-- Exercise description --
What lines below contain the word "Photo"? Please pull each one out.

-- Dataset records --

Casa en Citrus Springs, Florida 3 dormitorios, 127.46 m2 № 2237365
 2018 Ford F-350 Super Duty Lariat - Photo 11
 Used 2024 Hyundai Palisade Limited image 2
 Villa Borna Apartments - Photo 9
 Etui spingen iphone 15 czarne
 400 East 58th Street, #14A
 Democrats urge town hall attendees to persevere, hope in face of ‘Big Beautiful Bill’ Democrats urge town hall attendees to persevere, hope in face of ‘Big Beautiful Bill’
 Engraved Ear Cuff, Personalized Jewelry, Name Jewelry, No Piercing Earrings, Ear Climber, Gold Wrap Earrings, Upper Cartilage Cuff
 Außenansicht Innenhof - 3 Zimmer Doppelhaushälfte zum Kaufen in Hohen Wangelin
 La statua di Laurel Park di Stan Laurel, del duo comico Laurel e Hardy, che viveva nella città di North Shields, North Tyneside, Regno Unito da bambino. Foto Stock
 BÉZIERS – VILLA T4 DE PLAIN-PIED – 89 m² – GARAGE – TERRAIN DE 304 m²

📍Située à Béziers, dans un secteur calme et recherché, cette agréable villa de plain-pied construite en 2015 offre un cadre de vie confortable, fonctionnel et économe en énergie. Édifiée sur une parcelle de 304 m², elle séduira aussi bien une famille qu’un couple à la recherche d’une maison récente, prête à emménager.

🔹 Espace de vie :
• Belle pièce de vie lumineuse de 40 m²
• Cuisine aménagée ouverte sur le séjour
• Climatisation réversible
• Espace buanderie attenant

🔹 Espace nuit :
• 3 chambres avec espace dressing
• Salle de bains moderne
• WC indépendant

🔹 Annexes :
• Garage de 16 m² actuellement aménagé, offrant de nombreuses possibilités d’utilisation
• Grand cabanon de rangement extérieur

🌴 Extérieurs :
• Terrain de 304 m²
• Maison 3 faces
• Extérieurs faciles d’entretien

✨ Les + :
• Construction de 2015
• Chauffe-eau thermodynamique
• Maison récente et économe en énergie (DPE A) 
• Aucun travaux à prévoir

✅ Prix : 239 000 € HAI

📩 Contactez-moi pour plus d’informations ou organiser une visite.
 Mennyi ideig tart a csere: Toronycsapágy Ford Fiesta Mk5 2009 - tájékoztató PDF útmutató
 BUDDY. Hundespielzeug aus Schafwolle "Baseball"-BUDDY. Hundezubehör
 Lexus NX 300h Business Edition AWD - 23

-- Solution --
 2018 Ford F-350 Super Duty Lariat - Photo 11
 Villa Borna Apartments - Photo 9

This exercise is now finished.